EXERCISE DETAILS:
Please restate each entry word for word and leave the pictures out.

==== RECORDS FOR THIS EXERCISE

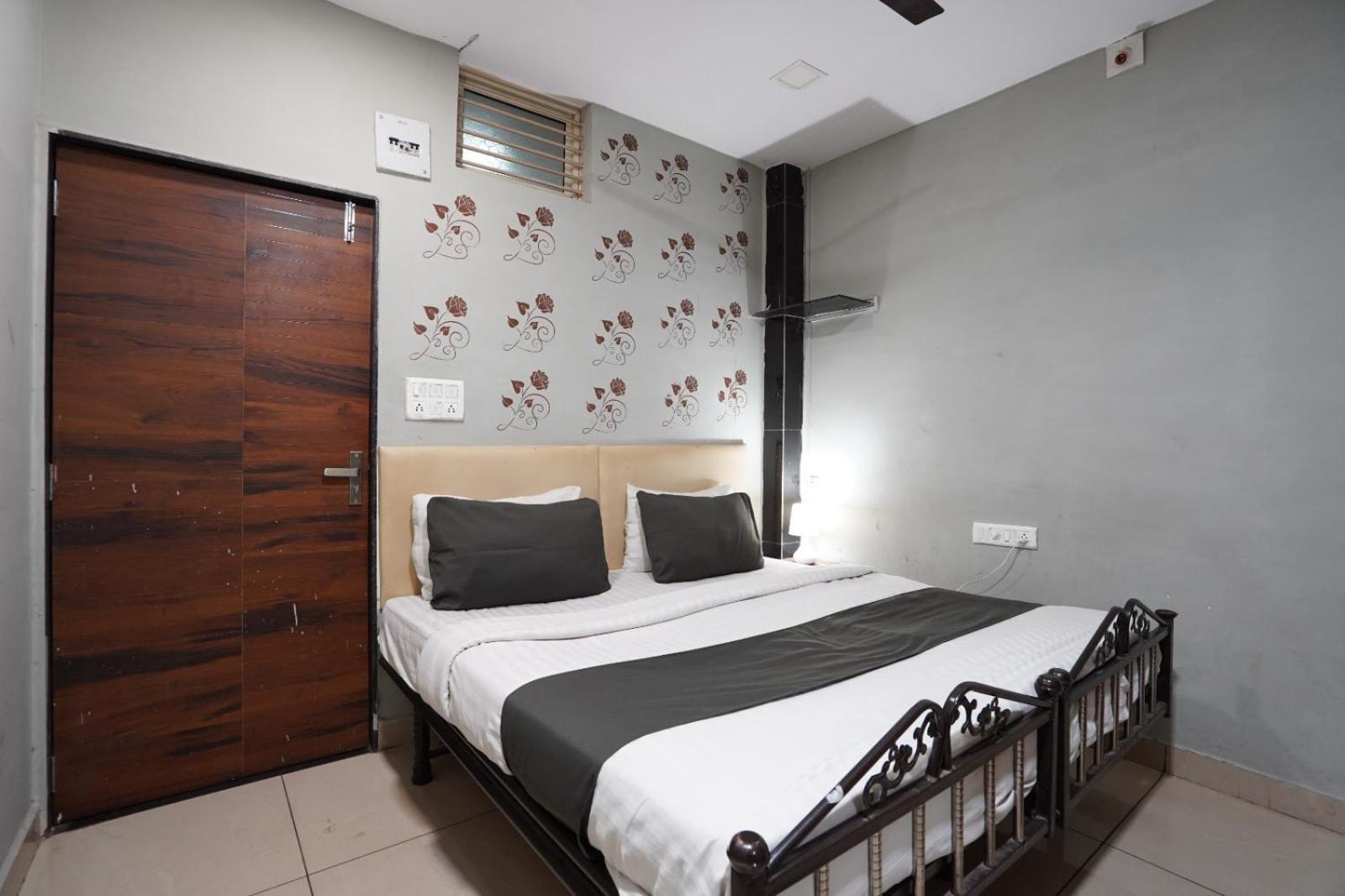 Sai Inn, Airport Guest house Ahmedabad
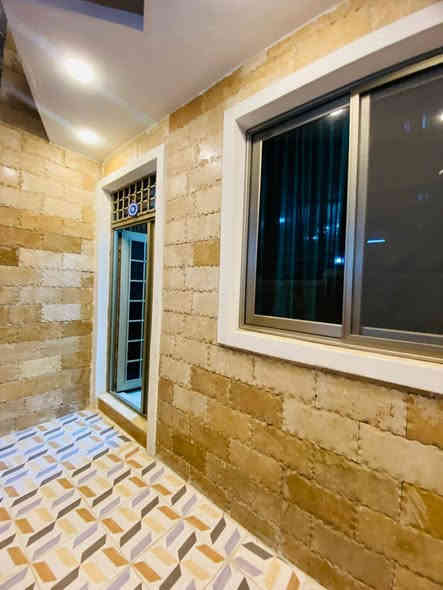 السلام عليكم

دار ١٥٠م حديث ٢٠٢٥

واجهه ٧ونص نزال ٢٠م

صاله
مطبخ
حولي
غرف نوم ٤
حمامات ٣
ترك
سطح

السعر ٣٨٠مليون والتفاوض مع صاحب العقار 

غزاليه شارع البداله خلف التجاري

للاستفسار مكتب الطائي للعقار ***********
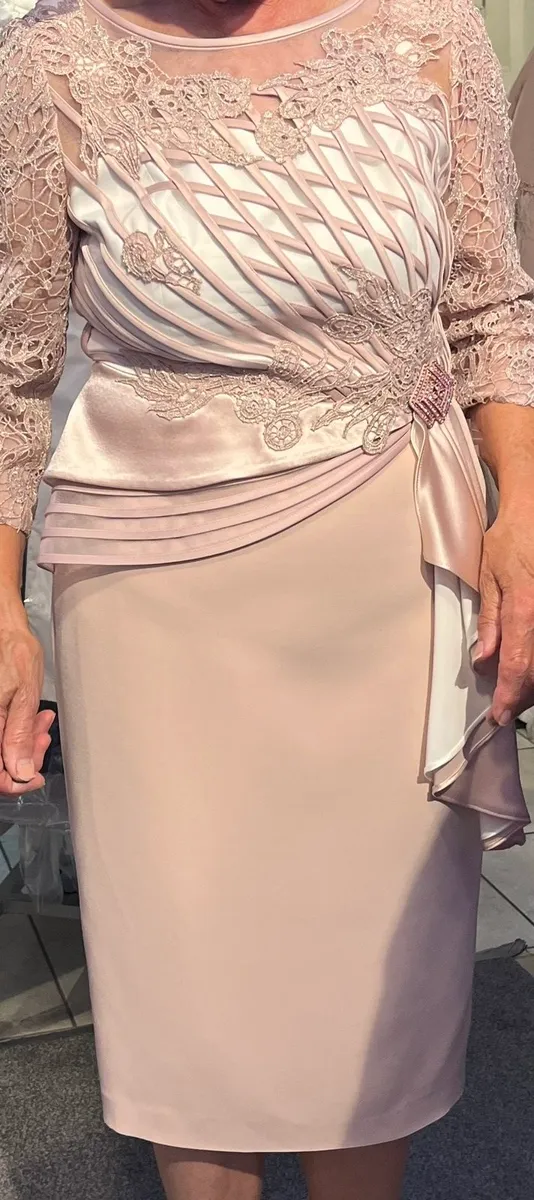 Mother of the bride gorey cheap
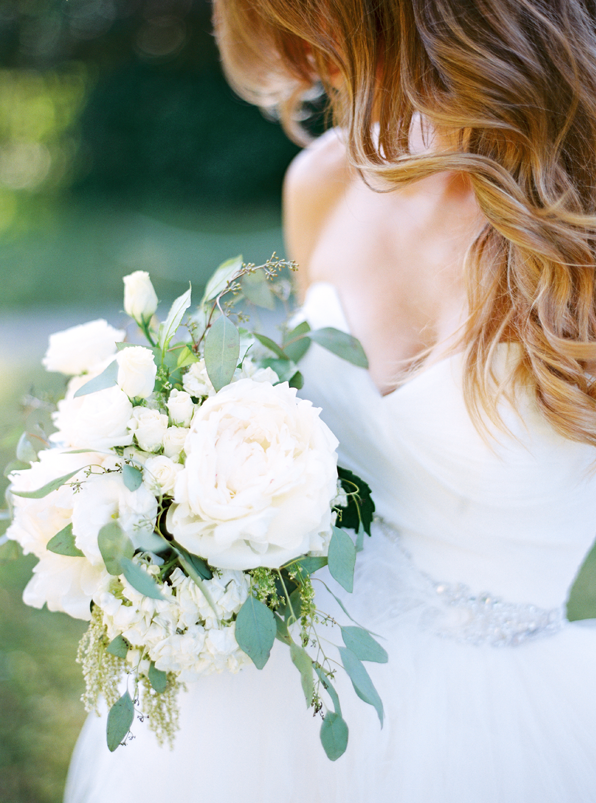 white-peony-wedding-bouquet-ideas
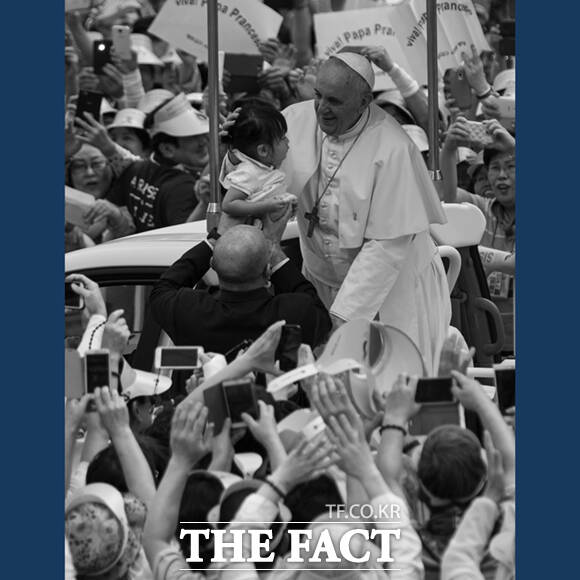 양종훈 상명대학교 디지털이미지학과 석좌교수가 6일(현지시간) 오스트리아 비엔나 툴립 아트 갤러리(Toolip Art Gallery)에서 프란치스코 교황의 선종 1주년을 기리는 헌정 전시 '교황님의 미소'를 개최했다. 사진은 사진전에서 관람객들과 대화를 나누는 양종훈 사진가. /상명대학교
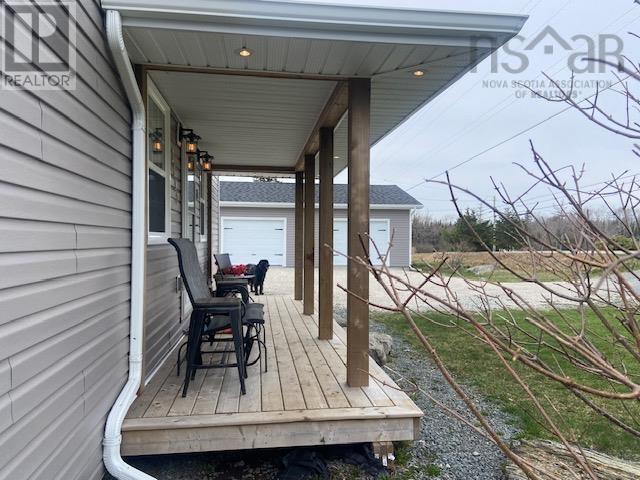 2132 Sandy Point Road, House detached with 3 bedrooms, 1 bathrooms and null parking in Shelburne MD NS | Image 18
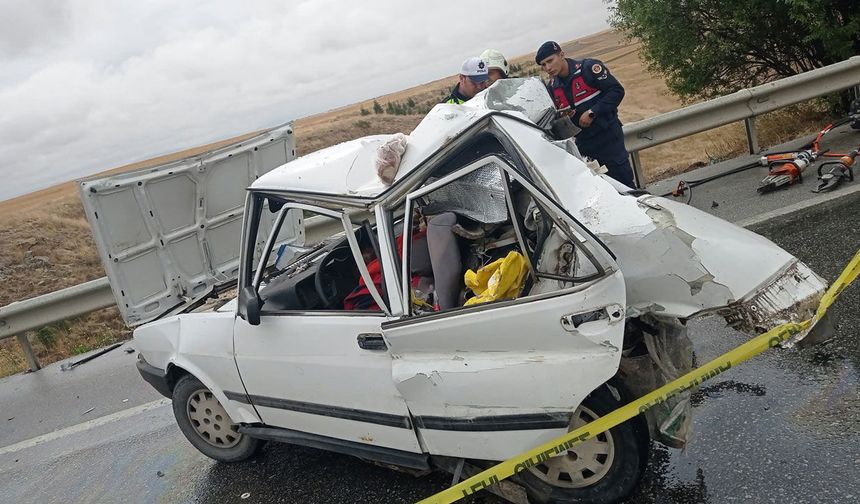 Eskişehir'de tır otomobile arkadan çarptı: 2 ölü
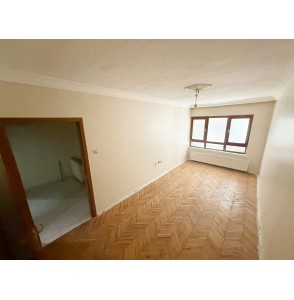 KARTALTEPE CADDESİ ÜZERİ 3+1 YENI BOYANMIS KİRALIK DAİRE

========

WRITTEN SOLUTION:
 Sai Inn, Airport Guest house Ahmedabad
 السلام عليكم

دار ١٥٠م حديث ٢٠٢٥

واجهه ٧ونص نزال ٢٠م

صاله
مطبخ
حولي
غرف نوم ٤
حمامات ٣
ترك
سطح

السعر ٣٨٠مليون والتفاوض مع صاحب العقار 

غزاليه شارع البداله خلف التجاري

للاستفسار مكتب الطائي للعقار ***********
 Mother of the bride gorey cheap
 white-peony-wedding-bouquet-ideas
 양종훈 상명대학교 디지털이미지학과 석좌교수가 6일(현지시간) 오스트리아 비엔나 툴립 아트 갤러리(Toolip Art Gallery)에서 프란치스코 교황의 선종 1주년을 기리는 헌정 전시 '교황님의 미소'를 개최했다. 사진은 사진전에서 관람객들과 대화를 나누는 양종훈 사진가. /상명대학교
 2132 Sandy Point Road, House detached with 3 bedrooms, 1 bathrooms and null parking in Shelburne MD NS | Image 18
 Eskişehir'de tır otomobile arkadan çarptı: 2 ölü
 KARTALTEPE CADDESİ ÜZERİ 3+1 YENI BOYANMIS KİRALIK DAİRE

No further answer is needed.